The worst systems are 'commodity clusters'.  I should be very interested
to talk to Toon about this, but the problem is one of very low-probability
failures, because the generated code relies on undefined behaviour which
really does mean that, and not processor dependent behaviour.  Memory race
conditions are the main (but not the only) one.

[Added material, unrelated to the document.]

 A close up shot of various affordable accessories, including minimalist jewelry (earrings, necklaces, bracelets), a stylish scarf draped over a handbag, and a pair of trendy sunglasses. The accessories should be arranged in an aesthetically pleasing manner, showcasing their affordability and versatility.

VOLATILE coarrays make these problems a hundred times worse - and, from my
experience with POSIX threads, RDMAs, OpenMP etc., I do mean a hundred times
and possibly more.


Regards,
Nick Maclaren,
University of Cambridge Computing Service,
New Museums Site, Pembroke Street, Cambridge CB2 3QH, England.
Email:  nmm1@cam.ac.uk
Tel.:  +44 1223 334761    Fax:  +44 1223 334679





Explanation of the Progress Issue
---------------------------------

The question is whether images P and Q can communicate through a coarray
on image R, irrespective of what R is doing at the time.  This is
extremely hard to implement on some systems, at least when R is in a
call to a companion processor, performing I/O or in a long-running
'pure' CPU loop.

For example:

        PROGRAM Progress
            INTEGER :: one[*] = 0
            SELECT CASE (THIS_IMAGE())
        CASE(1)
                one[9] = 123+one[8]
                SYNC IMAGES ( (/ 2 /) )
        CASE(2)
                SYNC IMAGES ( (/ 1 /) )
                PRINT *, one[9]
        CASE(8)
                one[2] = 456+one[1]
                SYNC IMAGES ( (/ 9 /) )
        CASE(9)
                SYNC IMAGES ( (/ 8 /) )
                PRINT *, one[1]
            END SELECT
        END PROGRAM Progress
 
Consider a processor where an image services requests for coarray data
that it owns only when it reaches an image control statement; this is
common for MPI, and is also done by the reference implementation of UPC.
The above program will deadlock, because image 1 will not reach its SYNC
IMAGES until after images 8 and 9 have responded, and image 8 will not
reach its SYNC IMAGES until after images 1 and 2 have responded.

Obviously, that is a poor implementation of coarrays, but that is not
the point at issue.  The question is whether it is a conforming
processor in the sense of 1.4 paragraph 2.